(Pictures with short captions)
/---
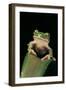 Leptopelis Sp. (Forest Treefrog )-Paul Starosta-Framed Photographic Print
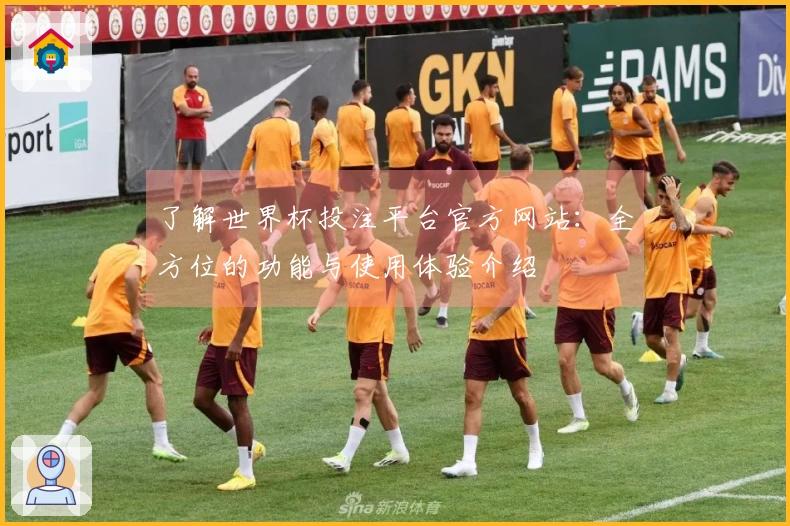 了解世界杯投注平台官方网站：全方位的功能与使用体验介绍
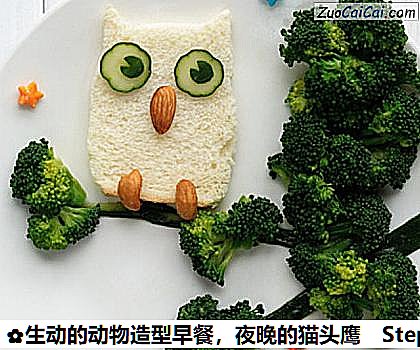 生动的动物造型早餐，夜晚的猫头鹰做法第五步骤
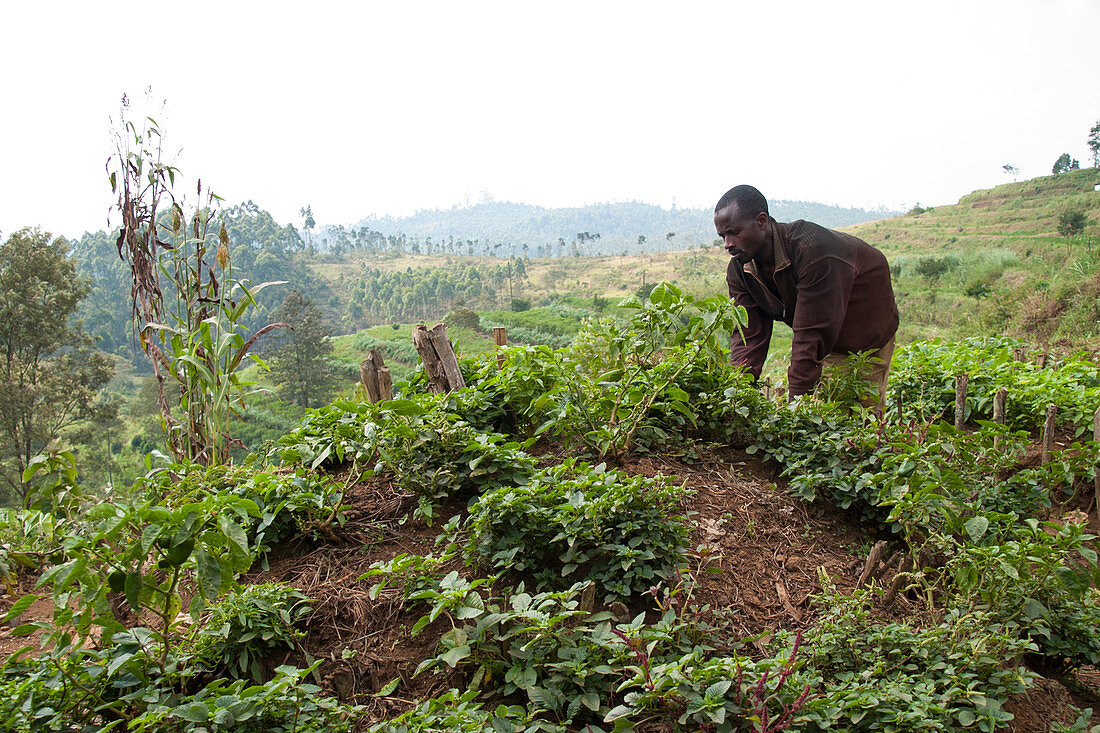 Ein Mann arbeitet am Gemüsegarten in Ngwino Nawe, einem Zentrum für behinderte Kinder im äußersten Südwesten von Ruanda, Afrika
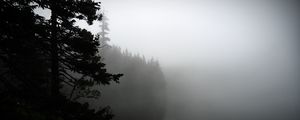Preview wallpaper fog, forest, trees, shore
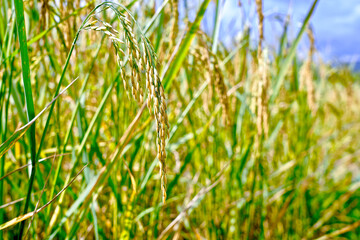 Yellow of the rice field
\---
▶ **Exercise brief**
For the records above, output each one exactly and skip any image.

▶ **Answer below**
 Leptopelis Sp. (Forest Treefrog )-Paul Starosta-Framed Photographic Print
 了解世界杯投注平台官方网站：全方位的功能与使用体验介绍
 生动的动物造型早餐，夜晚的猫头鹰做法第五步骤
 Ein Mann arbeitet am Gemüsegarten in Ngwino Nawe, einem Zentrum für behinderte Kinder im äußersten Südwesten von Ruanda, Afrika
Preview wallpaper fog, forest, trees, shore
 Yellow of the rice field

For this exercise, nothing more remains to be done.